- Available data:
Content starts

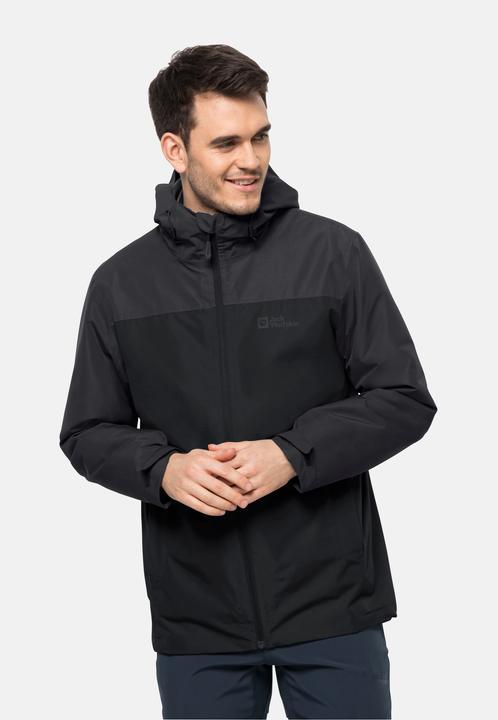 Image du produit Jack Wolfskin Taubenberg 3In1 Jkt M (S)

Content ends
Content starts

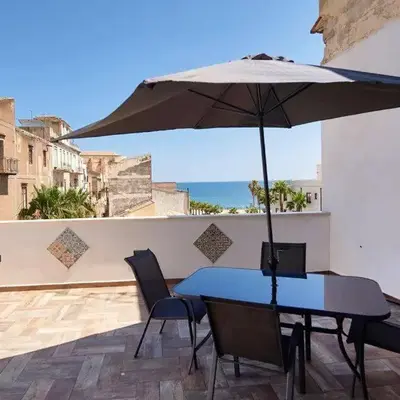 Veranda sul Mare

Content ends
Content starts

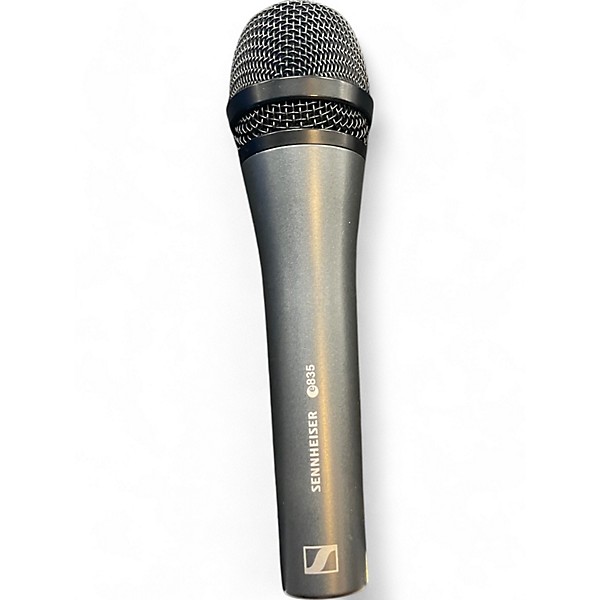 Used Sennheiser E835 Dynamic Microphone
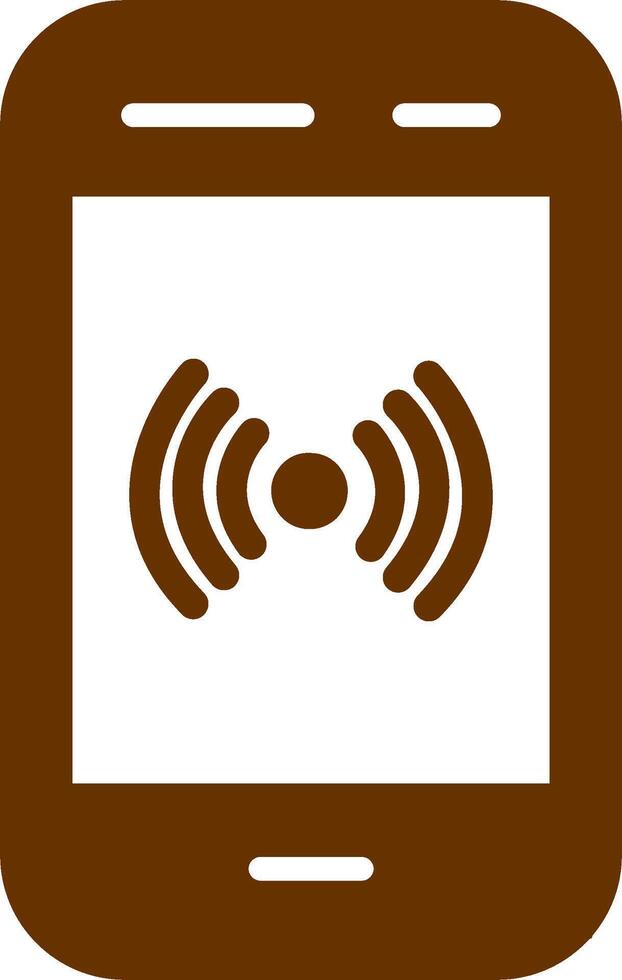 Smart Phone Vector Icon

Content ends

- Exercise:
Each line above from the one containing "Used Sennheiser E835 Dynamic Microphone" through the one containing "Smart Phone Vector Icon" is to be returned verbatim. Nothing else, and no pictures.

- Worked solution:
 Used Sennheiser E835 Dynamic Microphone
 Smart Phone Vector Icon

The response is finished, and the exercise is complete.